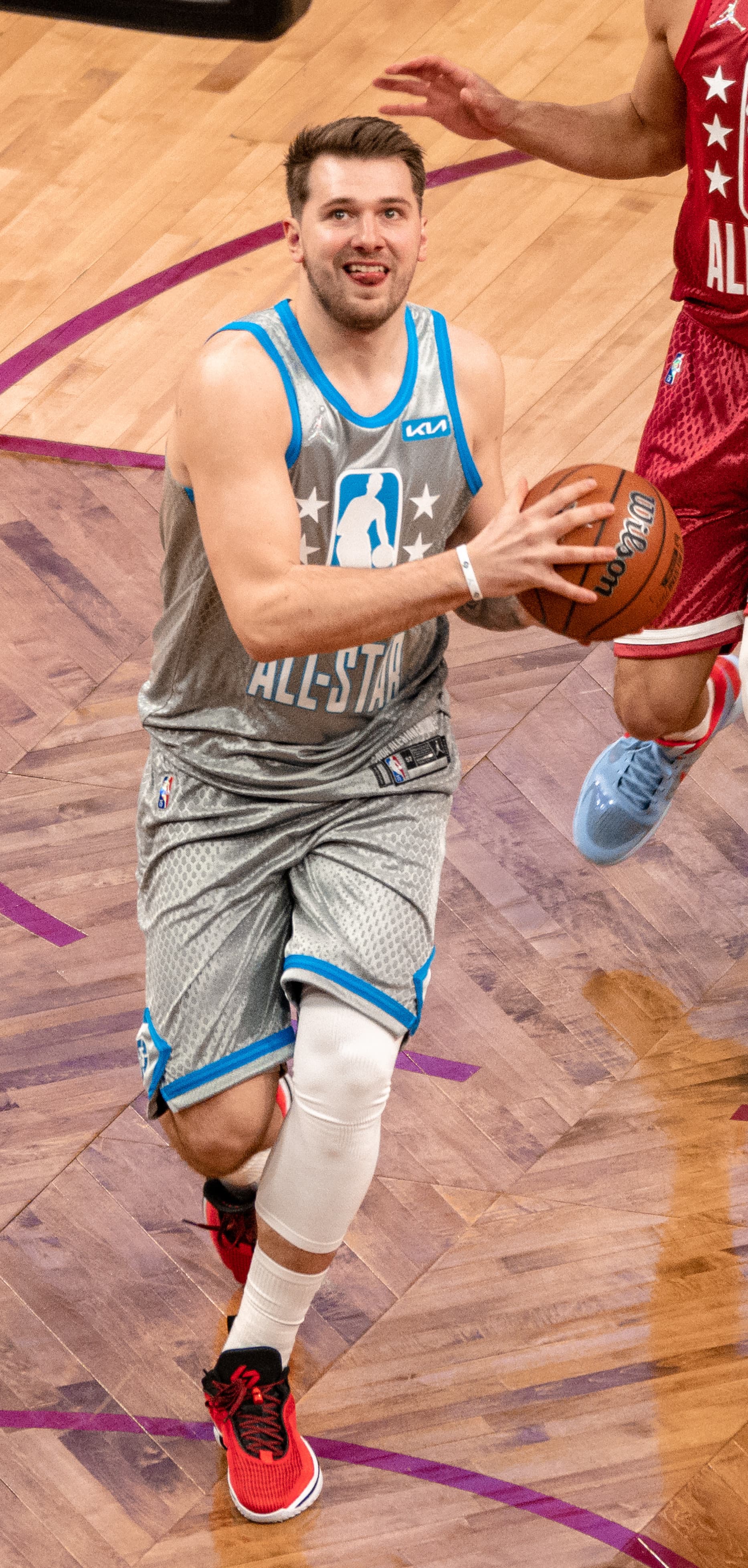 Archive photograph of Luka Dončić at the February20 2022 NBA All-Star Game; not the October2026 confrontation.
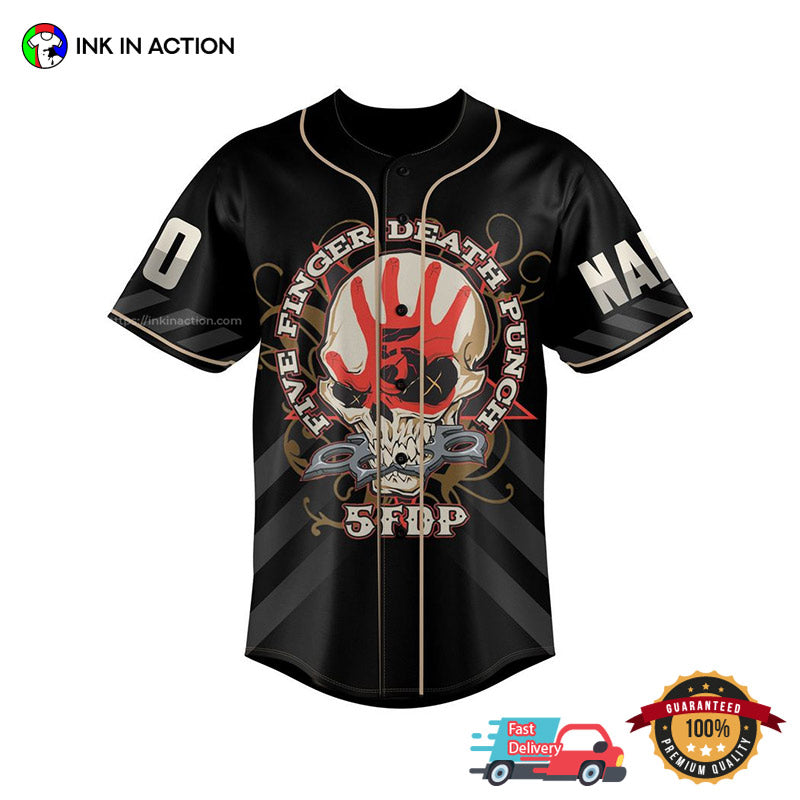 Personalized Five Finger Death Punch Marilyn Manson Black Baseball Jersey baseball jersey product view 1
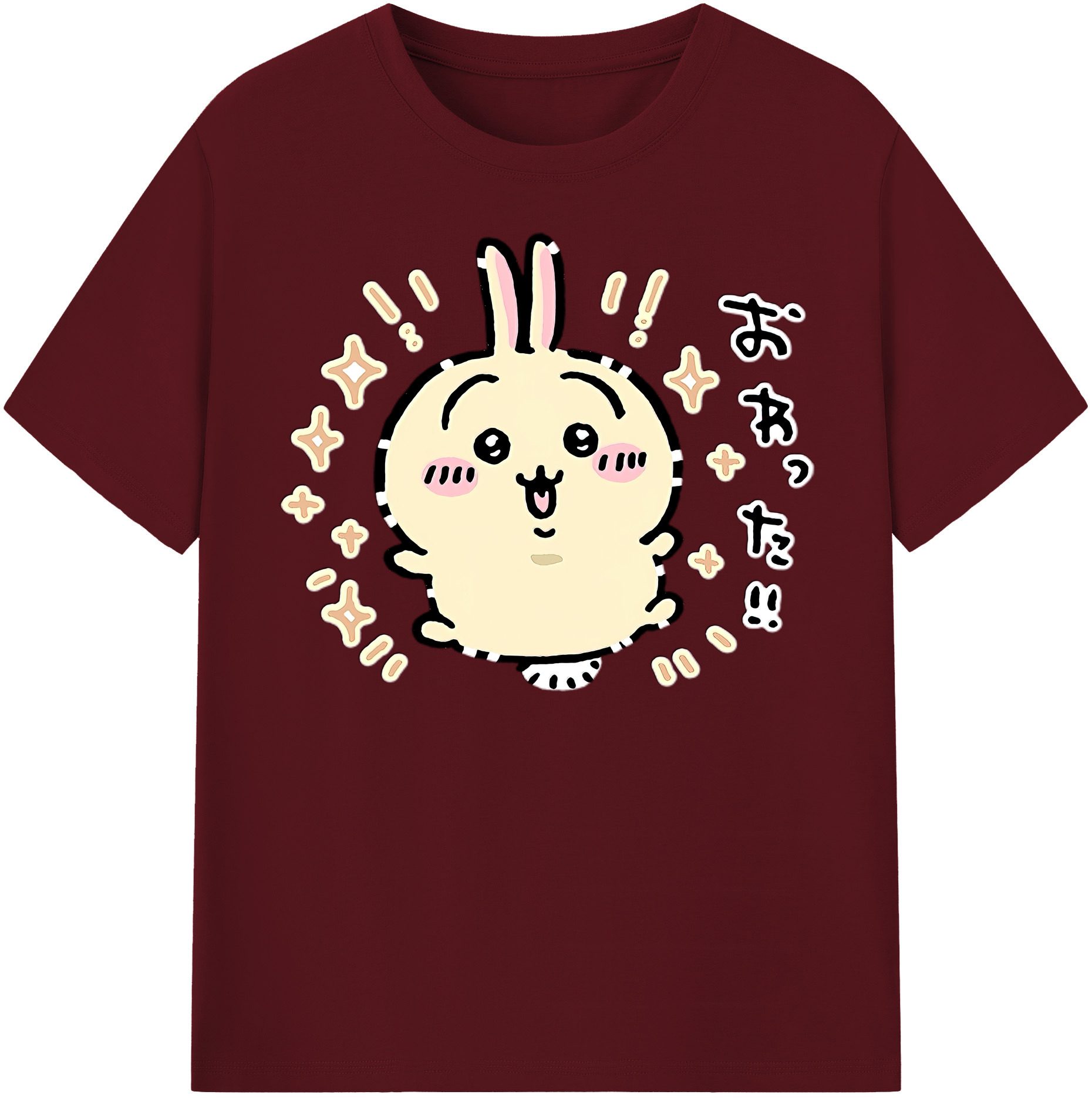 （画像用） ちいかわ うさぎ Chii-kawa usagi 綿100％半袖Tシャツ（フロントプリント）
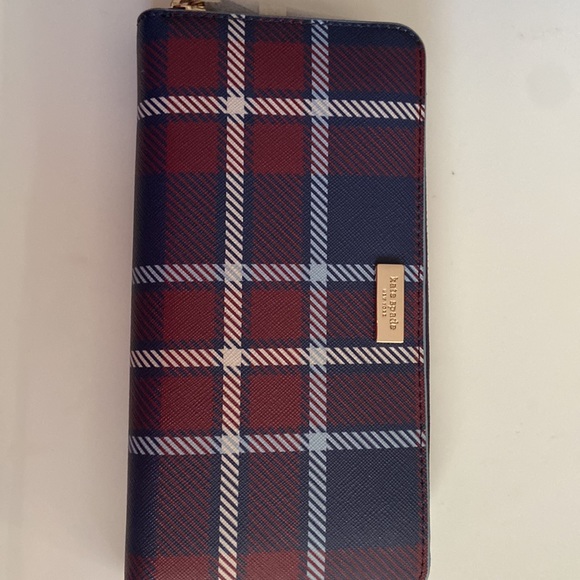 kate spade NY Laurel Travel Plaid Wallet - Picture 2 of 10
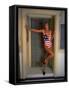 Model Standing in Doorway Modeling Ralph Lauren's Cotton and Lycra One Piece Flag Bathing Suit-Ted Thai-Framed Stretched Canvas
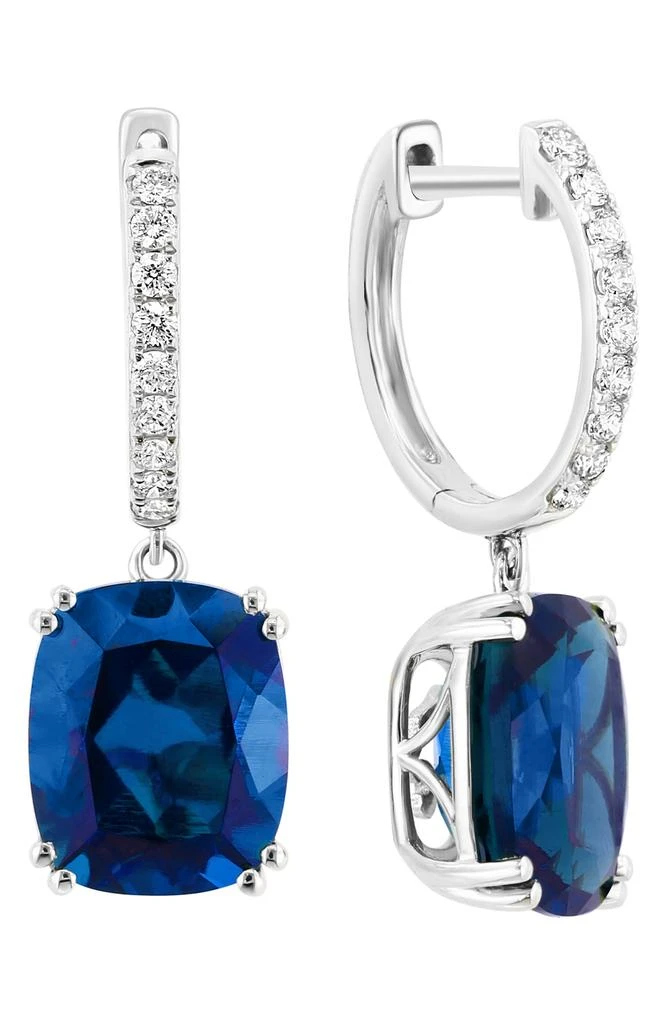 商品Effy|14K White Gold Lab Created Diamond & Lab Created Sapphire Drop Huggie Hoop Earrings - 0.26ct.,价格¥8241,第1张图片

§ Problem requirements: Reproduce the listing exactly, but keep its images out of the copy.

§ Answer to the exercise:
 Archive photograph of Luka Dončić at the February20 2022 NBA All-Star Game; not the October2026 confrontation.
 Personalized Five Finger Death Punch Marilyn Manson Black Baseball Jersey baseball jersey product view 1
 （画像用） ちいかわ うさぎ Chii-kawa usagi 綿100％半袖Tシャツ（フロントプリント）
 kate spade NY Laurel Travel Plaid Wallet - Picture 2 of 10
 Model Standing in Doorway Modeling Ralph Lauren's Cotton and Lycra One Piece Flag Bathing Suit-Ted Thai-Framed Stretched Canvas
 商品Effy|14K White Gold Lab Created Diamond & Lab Created Sapphire Drop Huggie Hoop Earrings - 0.26ct.,价格¥8241,第1张图片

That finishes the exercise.